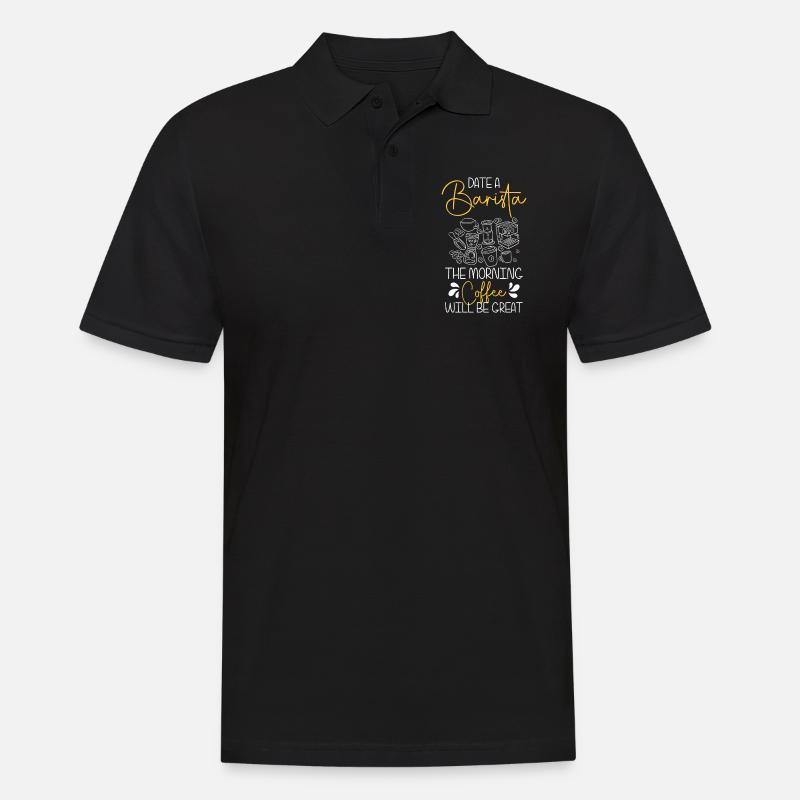 Espresso Kaffeeliebhaber Kaffeetrinker - Männer Poloshirt - Schwarz
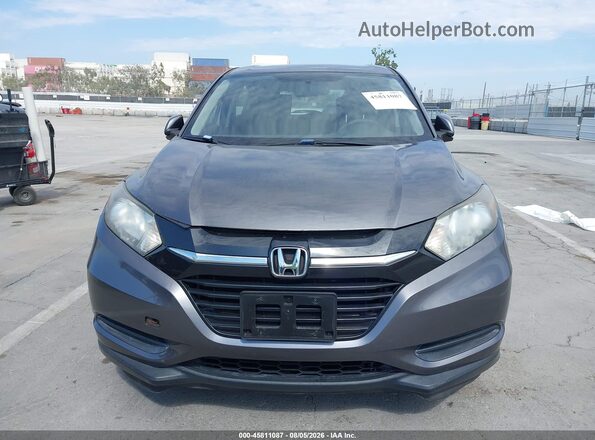 3CZRU5H35HM703734 2017 HONDA HR-V Gray Սարքավորումների վահանակի տեսք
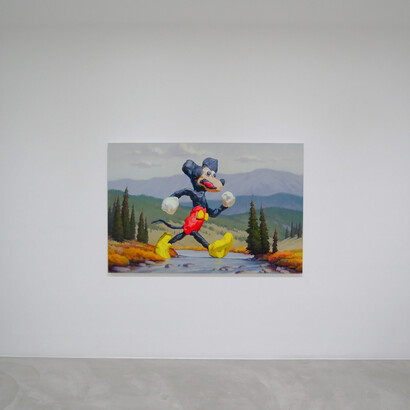 Ron DeFelice, The Long Shortcut, 2023, installation view. Courtesy of Kantor Gallery, LA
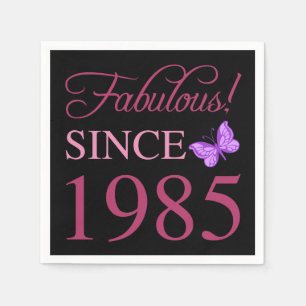 Fabulous Since 1985 40th Birthday Napkins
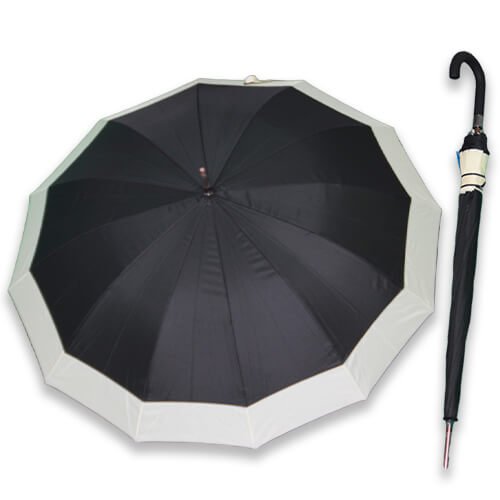 Grand Parapluie - Noir et Blanc - un-parapluie.fr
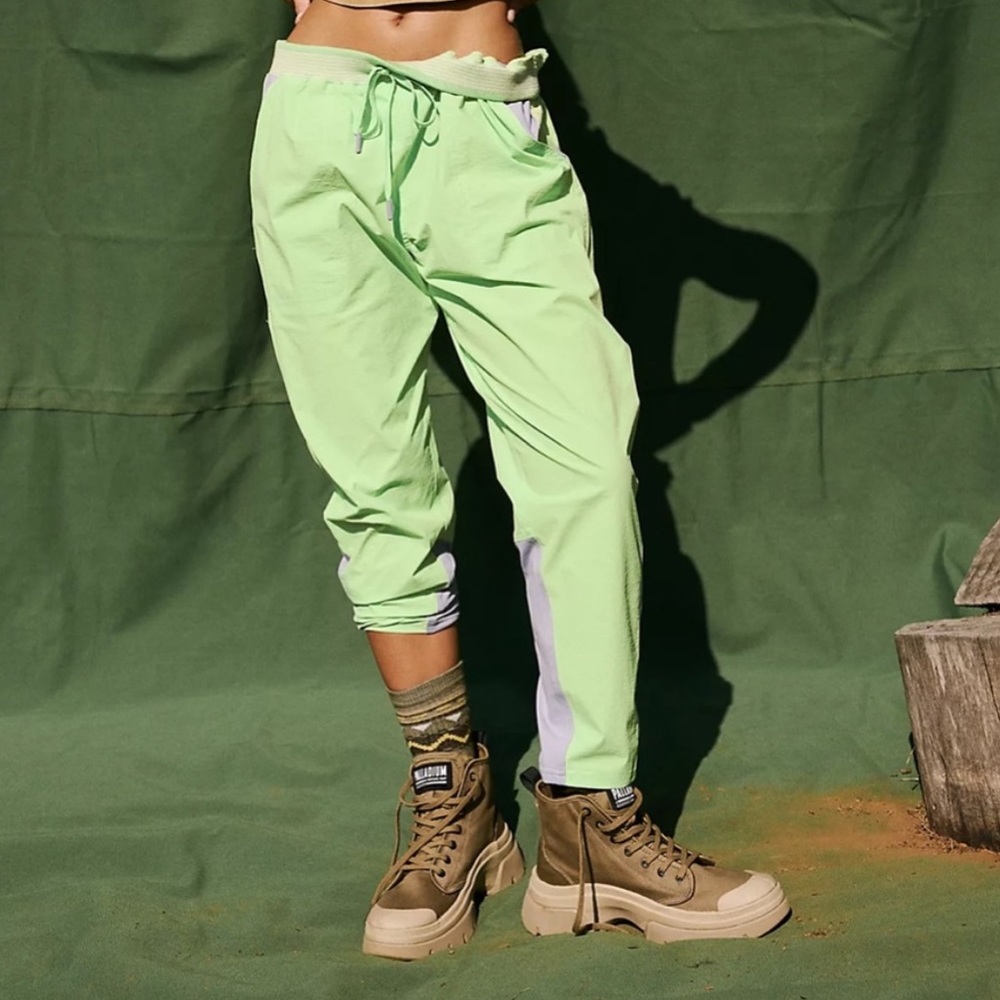 Free People Cascade Jogger Limeade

[YOUR GOAL]: Leave the pictures out, and copy exactly each line from the one containing "Fabulous Since 1985 40th Birthday Napkins" through the final line of the data.

[YOUR RESPONSE]:
 Fabulous Since 1985 40th Birthday Napkins
 Grand Parapluie - Noir et Blanc - un-parapluie.fr
 Free People Cascade Jogger Limeade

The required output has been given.